* **Task statement**
A faithful copy without images is required: write out all the records exactly.

START Provided material

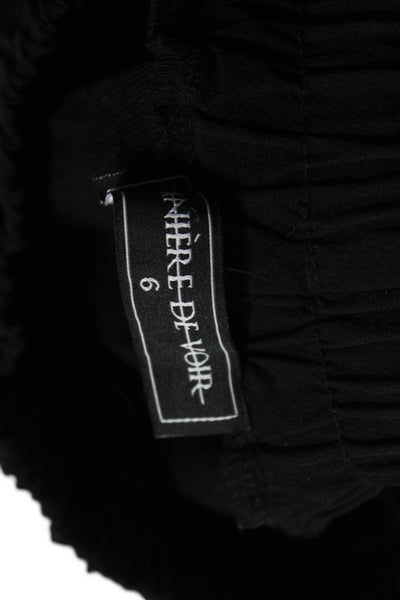 Maniere De Voir Women Black Jogger Pants Drawstring Size 6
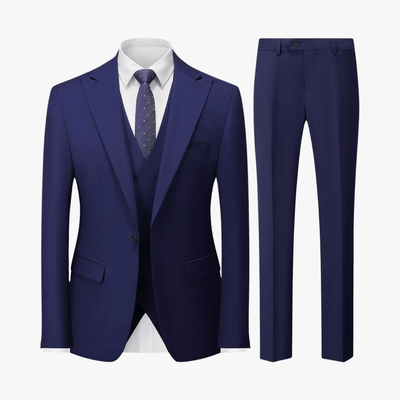 Sami® | Men's 3 Piece Slim Fit Suit – Blazer, Waistcoat, Trousers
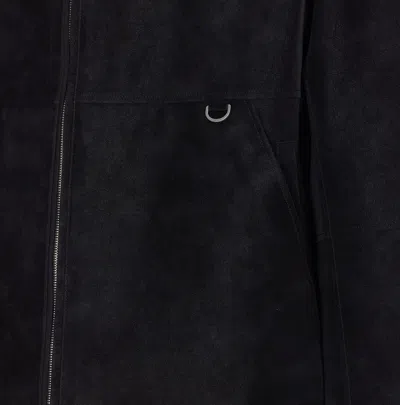 Represent Faux Shearling Jacket In Black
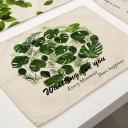 Table Mat with Leaves 21
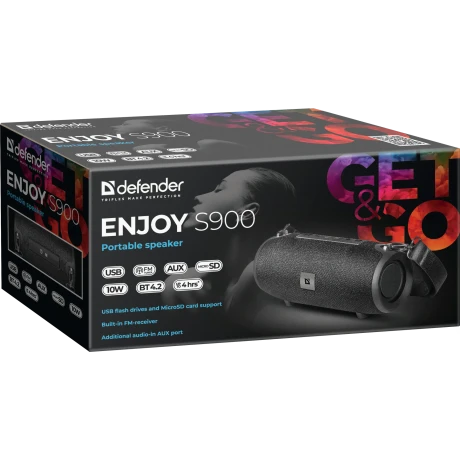 Boxa Bluetooth Defender Enjoy S900 10W BT 5.0 Negru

END Provided material

* **Solution to the exercise**
 Maniere De Voir Women Black Jogger Pants Drawstring Size 6
 Sami® | Men's 3 Piece Slim Fit Suit – Blazer, Waistcoat, Trousers
 Represent Faux Shearling Jacket In Black
 Table Mat with Leaves 21
 Boxa Bluetooth Defender Enjoy S900 10W BT 5.0 Negru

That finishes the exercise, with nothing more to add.